[WORK REQUEST]: Restate, exactly as written, the entries below from the line that holds "this 750×422 image." through the line that holds "this 300×250 image.". Pictures are not part of the copy.

[DATA TO PROCESS]:

═══

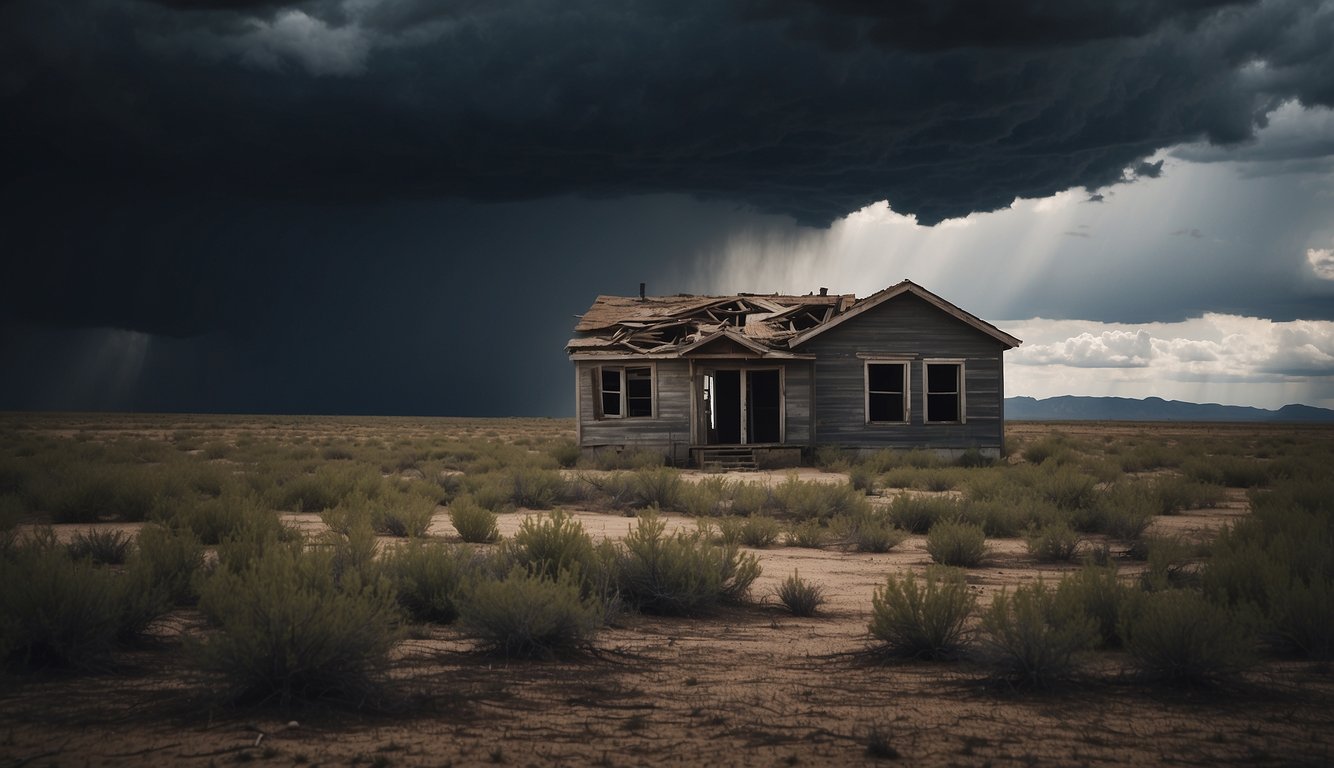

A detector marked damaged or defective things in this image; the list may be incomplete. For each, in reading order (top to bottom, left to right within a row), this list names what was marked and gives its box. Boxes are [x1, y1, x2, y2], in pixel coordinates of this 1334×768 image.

═══

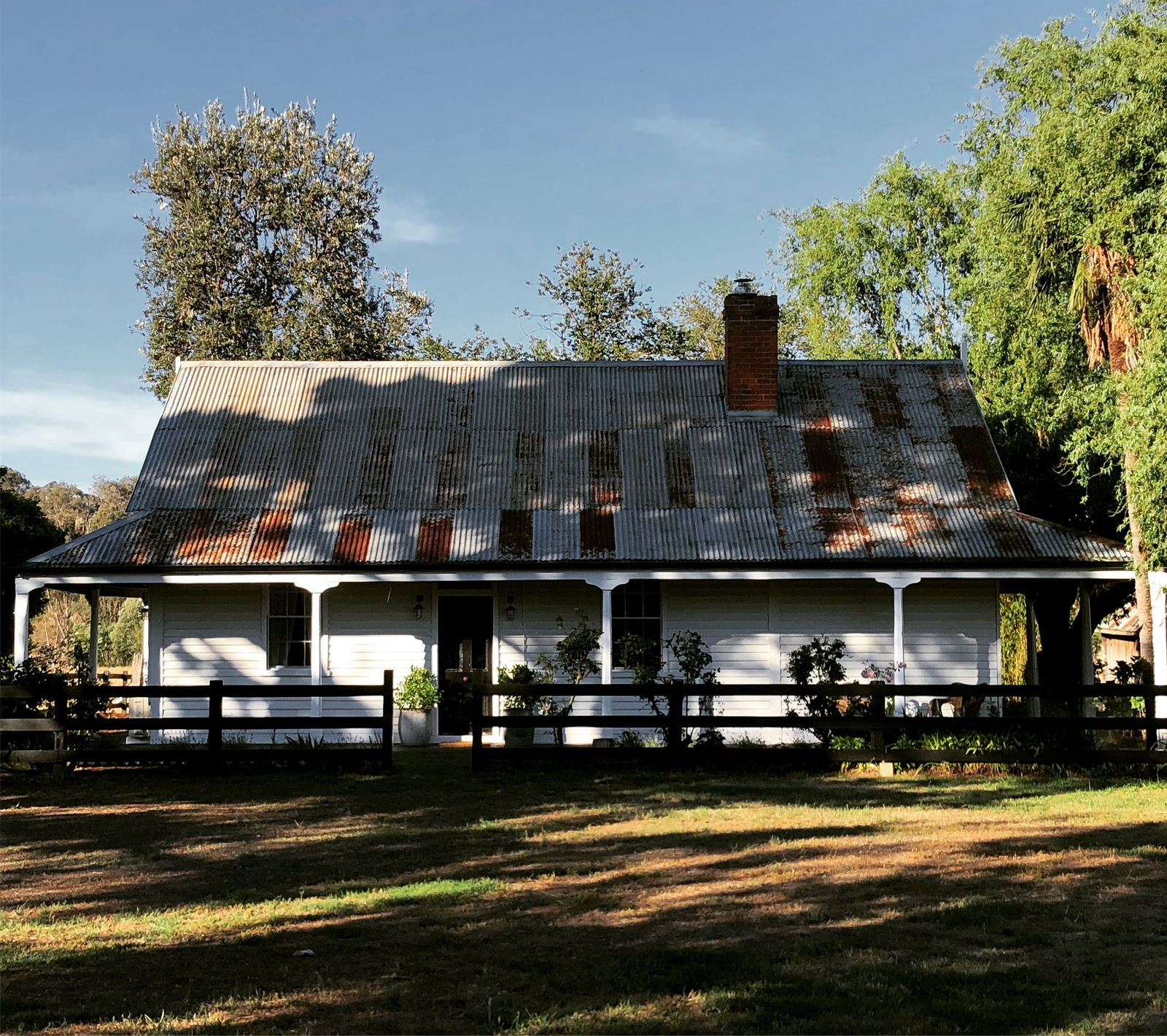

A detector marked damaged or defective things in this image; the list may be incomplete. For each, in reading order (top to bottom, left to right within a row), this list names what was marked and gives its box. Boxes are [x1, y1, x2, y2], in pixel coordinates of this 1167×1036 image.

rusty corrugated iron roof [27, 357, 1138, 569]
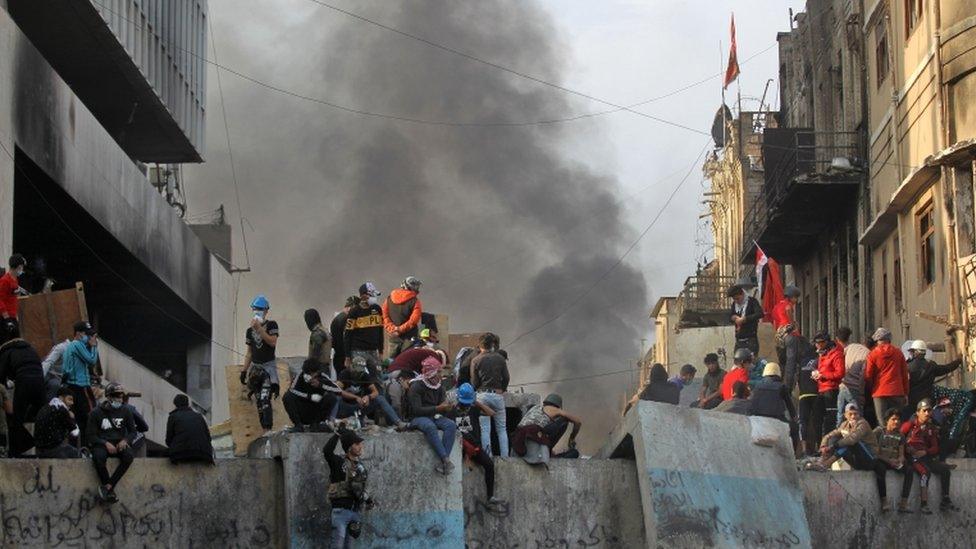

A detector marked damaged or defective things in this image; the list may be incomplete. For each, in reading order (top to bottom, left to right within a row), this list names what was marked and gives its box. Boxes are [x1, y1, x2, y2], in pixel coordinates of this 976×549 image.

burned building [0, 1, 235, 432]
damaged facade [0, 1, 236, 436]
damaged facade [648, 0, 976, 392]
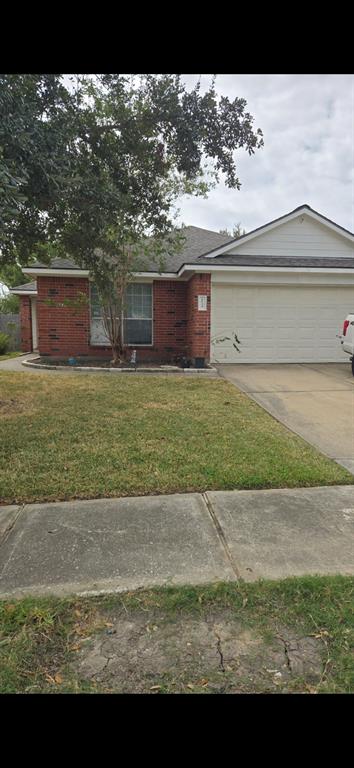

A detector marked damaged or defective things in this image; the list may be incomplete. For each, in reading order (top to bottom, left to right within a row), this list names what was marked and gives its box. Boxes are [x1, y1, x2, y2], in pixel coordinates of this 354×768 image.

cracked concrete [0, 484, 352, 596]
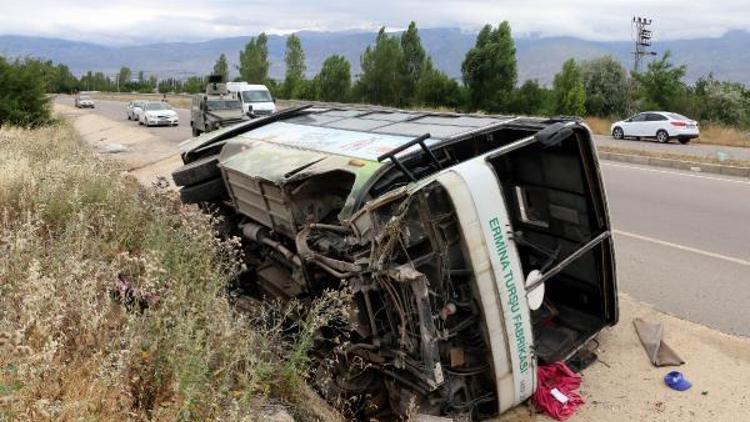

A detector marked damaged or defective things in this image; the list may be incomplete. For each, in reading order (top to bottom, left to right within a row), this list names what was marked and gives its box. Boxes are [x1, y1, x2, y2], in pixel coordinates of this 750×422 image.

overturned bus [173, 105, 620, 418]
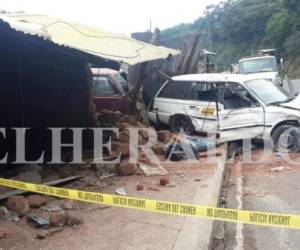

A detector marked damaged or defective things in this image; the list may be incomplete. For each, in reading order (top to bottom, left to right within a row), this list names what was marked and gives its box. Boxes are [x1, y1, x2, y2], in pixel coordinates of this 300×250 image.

═══

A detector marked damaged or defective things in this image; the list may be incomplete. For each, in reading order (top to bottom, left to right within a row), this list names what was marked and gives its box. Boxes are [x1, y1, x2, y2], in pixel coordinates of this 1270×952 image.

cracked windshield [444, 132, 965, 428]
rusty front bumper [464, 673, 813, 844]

═══

[RESPONSE FOR THIS EXERCISE]:
A detector marked damaged or defective things in this image; the list may be incomplete. For each, in reading order (top to bottom, left to right within a row), this list names what was marked and gives its box. Boxes are [x1, y1, x2, y2], in pixel coordinates of this 750×422 image.

overturned bus [173, 105, 620, 418]

A detector marked damaged or defective things in this image; the list may be incomplete. For each, in reading order (top to bottom, left to right within a row), this list names what was marked and gives its box. Boxes are [x1, y1, x2, y2], in pixel coordinates of this 300×250 image.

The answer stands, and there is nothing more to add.